Видимо, так пастырь лучше воспринимал смятения души кающегося и мог найти достойный выход из создавшегося положения.
– Вы, Государь, неосознанно боитесь испытать участь многих из вашего царского рода. В частности, боитесь, что удел, выпавший на долю вашего батюшки, окажется и вашим. Уверяю вас, когда получите известие, сам Господь поможет вам, но даст испытание.

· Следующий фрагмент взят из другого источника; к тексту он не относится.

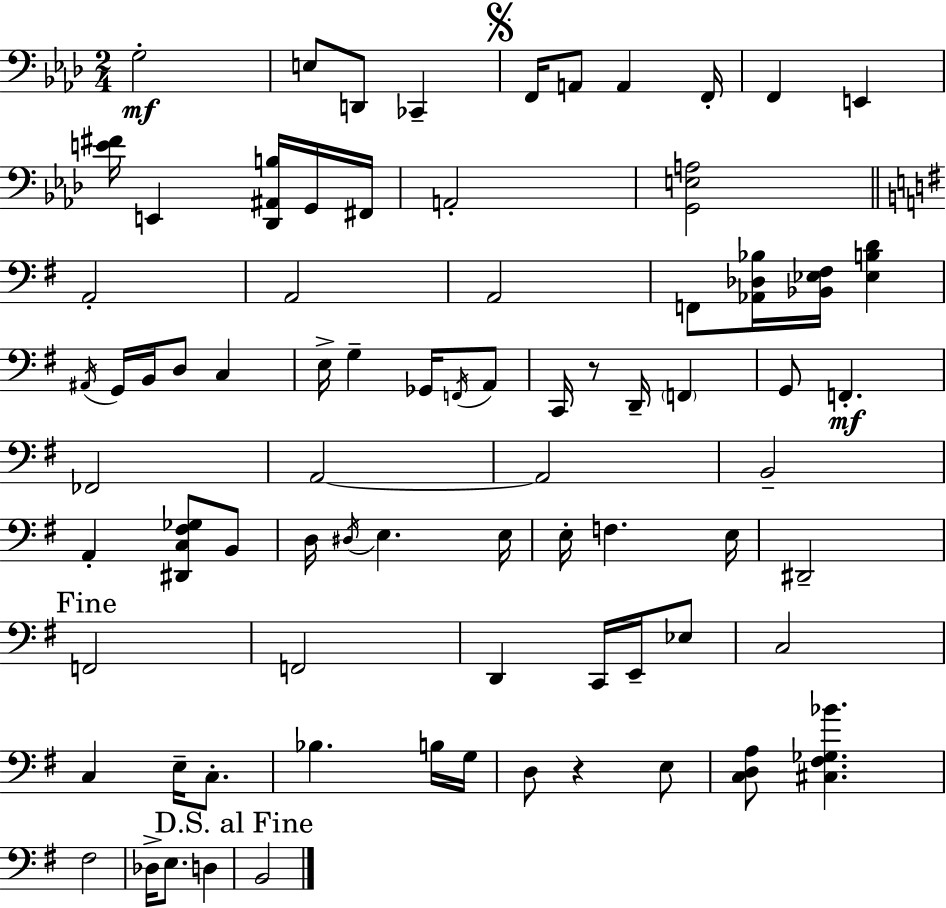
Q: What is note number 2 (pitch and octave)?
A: E3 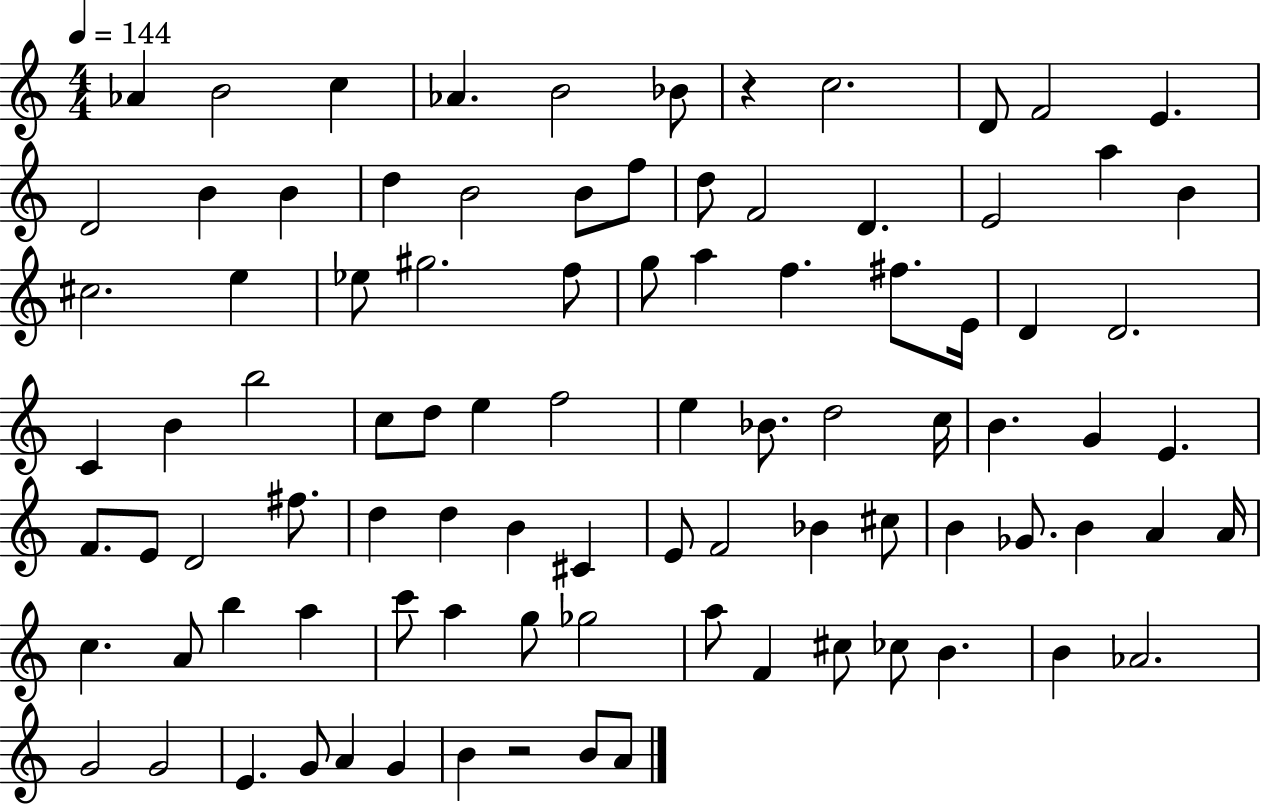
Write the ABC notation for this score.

X:1
T:Untitled
M:4/4
L:1/4
K:C
_A B2 c _A B2 _B/2 z c2 D/2 F2 E D2 B B d B2 B/2 f/2 d/2 F2 D E2 a B ^c2 e _e/2 ^g2 f/2 g/2 a f ^f/2 E/4 D D2 C B b2 c/2 d/2 e f2 e _B/2 d2 c/4 B G E F/2 E/2 D2 ^f/2 d d B ^C E/2 F2 _B ^c/2 B _G/2 B A A/4 c A/2 b a c'/2 a g/2 _g2 a/2 F ^c/2 _c/2 B B _A2 G2 G2 E G/2 A G B z2 B/2 A/2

– Я уже получил известие, владыка, – поднял на настоятеля глаза император. – В Париже я бывал на мистериях у госпожи Ленорман. Как-то раз в ее зеркале я четко увидел себя самого, затем на мгновение мелькнул образ великого князя Константина, которого затмила внушительная фигура другого брата – Николая. После этого я четко увидел знакомые улицы Петербурга, какой-то хаос, развалины, трупы. Но самое страшное ожидало меня в столице. В прошлом году во время наводнения затопило дворец. А когда вода схлынула, в моей спальне обнаружился крест, занесенный течением с какого-то кладбища. И мне действительно Богом дан выбор: либо на царском троне превратиться в труп и превратить Петербург в сплошное кладбище, либо наконец-то отмолить смерть отца и в молитвах провести остаток дней своих, ибо это не только крест, а еще и жизнь настоящая…
Когда Александр замолчал, архимандрит Агафангел положил епитрахиль на голову императору, стоявшему перед ним на коленях, и произнес:
– Прежде подумайте, готовы ли вы нести крест свой, ибо обратного пути нет и не будет… Отпускаются грехи рабу Божьему Александру… – Игумен закончил молитву, поднял с колен императора и заглянул ему в глаза. – Готовы ли вы принять меня после трапезы? Мне думается, нам есть о чем поговорить.
– О да, владыка, – кивнул Александр. – Я привез вам с острова Явления хорошие вести. Хорошие вести и свои смятения.
После литургии гости посетили трапезную, перекусили и вернулись в свою келью. Настоятель монастыря тоже не заставил себя долго ждать. Сразу же с порога он горящим взором уставился на Александра.
Тот немного помедлил. После добровольного купания в осенней воде, ни разу до того не болевший император чувствовал себя не совсем хорошо. Государю давно бы уже надо было отправиться в Севастополь, где в особняке, предоставленном градоначальником, врачи Джеймс Виллие и Штофреген быстро пособили бы ему справиться с неожиданным недугом. Но он предложил настоятелю присесть на стул, сам же, выпив воды из стеклянного стакана, зашагал по келье чуть ли не строевым шагом. Поскольку места явно не хватало, император остановился у окна, повернулся лицом к игумену и посмотрел ему в глаза:
– Вы правы были, владыка. Мне, вероятно, не следовало заниматься детскими шалостями кладоискательства. В результате мне нездоровится. Но я выполнил предначертанное и нашел то, о чем мы с вами долго беседовали. С той стороны, где лунная дорожка касается острова Явления, над самой водой в одном из гротов я обнаружил несколько сундуков, обитых железом, церковную золотую утварь, воинские шестоперы, хоругви, топоры с золотой насечкой, книги в серебряных переплетах, инкрустированные драгоценными каменьями, множество икон. Но одна из них воистину поразила мое сознание. На ней был изображен песьеголовый святой! Я еще с детства слышал россказни о нем, но пока не увидел сам, мне, честно сказать, верилось с трудом в такую фантасмагорию. Я думаю, что все это церковное богатство прибыло сюда из Византии.
– О нет, Ваше Величество, – возразил настоятель. – Конечно, я не видел икону, только у меня есть большие подозрения в ее происхождении.